NY judge sentences bin Laden secretary to life
A former personal secretary to Osama bin Laden got a strong rebuke from a judge on Tuesday as he was sentenced to life in prison for a second time after claiming the Sept. 11 attacks and Superstorm Sandy were "God's punishment" for injustice by the United States against him and others, AP reported.
"You, sir, in my judgment, are a committed terrorist who has betrayed his country," U.S. District Judge Lewis A. Kaplan told Wadih El-Hage after listening to the claims of the Lebanese-born man who became a U.S. citizen.

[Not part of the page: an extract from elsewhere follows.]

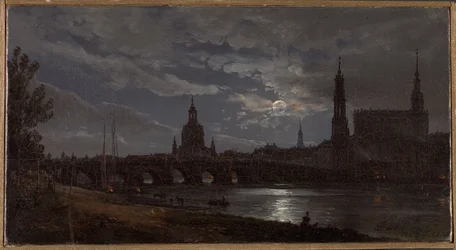 Gezicht op Dresden bij maanlicht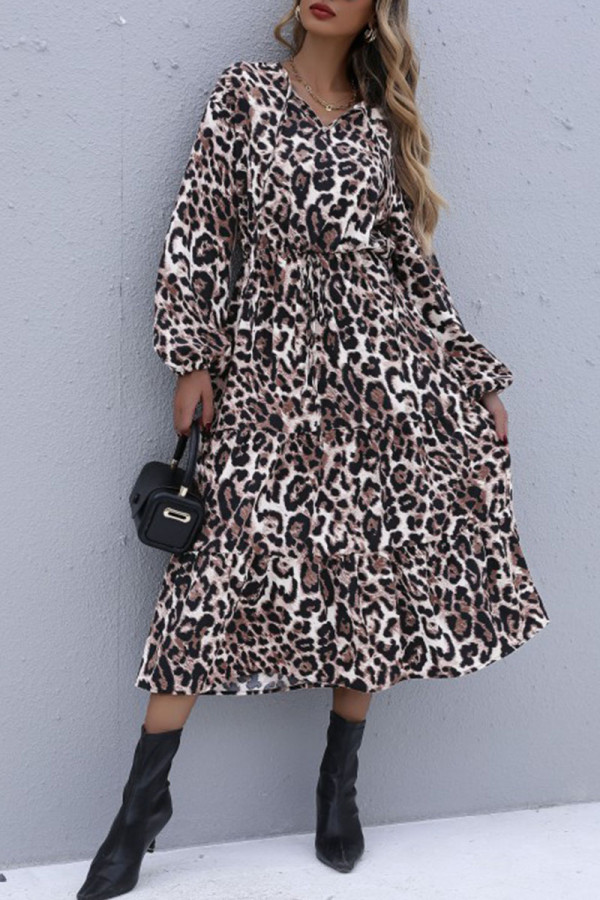 Fashion Street Leopard Split Joint V Neck A Line Dresses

El-Hage said he was treated unjustly before his 2001 conviction in the August 1998 bombings of two U.S. embassies in Africa. The attacks killed 224 people, including a dozen Americans.
The judge said a life sentence was necessary in part because El-Hage, 52, was "quite likely to engage in or further terrorist activities against this country in this district until your last breath, if you were ever released." He also re-imposed a $33.8 million restitution order, saying $7 million would go to the families of victims and the rest to the U.S. government.
El-Hage was convicted in 2001 of conspiracy and other charges and was sentenced to life in prison. A federal appeals court in Manhattan ordered a resentencing after El-Hage argued that the federal sentencing guidelines under which he was sentenced were no longer mandatory.